Republicans are on a crusade to kill SNAP. They tried to do it in their “Big, Beautiful Bill.” They don’t like funding hungry children. They say to the most needy in society, we don't give a damn about you. In fact, we'll use you as political pawns.
Trump and Republicans spent their entire summer slashing SNAP by a historic $200 billion – why? To pay for tax cuts for billionaires. Now they’re doubling down, using the shutdown to further devastate families and leave kids hungry.
But Democrats will not stand by while Trump manufactures a hunger crisis. We’re ready to work in whatever way to solve this issue. There is a bill in the works right now from Senator Hawley – a conservative Republican – that could ensure SNAP is funded. It has Republican and Democratic support. It’s a bill I’d happily support and vote for. And as soon as Leader Thune lets Senator Hawley put it on the floor, it will pass, plain and simple.
But that’s not the only option, of course. This week, Senate Democrats – led by my friend, Senator Ben Ray Luján of New Mexico – will introduce legislation to fully fund SNAP and WIC – and WIC, going better than Hawley’s bill – to protect hungry kids, pregnant women, veterans, and working parents.
This bill is simple. It’s moral. It’s urgent. And I ask Leader Thune why he won’t put it on the floor. He decries the fact that SNAP benefits are cut off. He knows the money is available. He knows there's broad Republican support for it, and he doesn't put it on the floor.
We Democrats are ready to act. We will push to pass the Luján bill. We will vote for the Hawley bill if Leader Thune does the right thing and puts it on the floor before the weekend, before families lose their benefits, before holidays turn into a hunger crisis.
We are ready to act. We are ready to work with anyone – Republicans or Democrats – who’s willing to stop this cruelty. But Senate Republicans, especially Leader Thune, have to find the courage to stand up to Trump. Right now, they’re frozen – paralyzed by fear, by cynicism – while millions of Americans wonder how they’ll feed their families.

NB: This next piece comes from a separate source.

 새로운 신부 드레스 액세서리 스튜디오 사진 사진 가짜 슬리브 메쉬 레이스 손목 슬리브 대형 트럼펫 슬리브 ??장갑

So, I say to my Republican colleagues: don’t block the Hawley bill. Put it on the floor, Leader Thune. Don’t block the Luján bill, which goes even better. Don’t let politics outweigh compassion. Let’s stop this hunger shutdown. Let’s stop this shutdown. Let’s stop the shutdown Republicans caused using hungry people as pawns. Let’s feed our people. And let’s end this hunger crisis before it begins.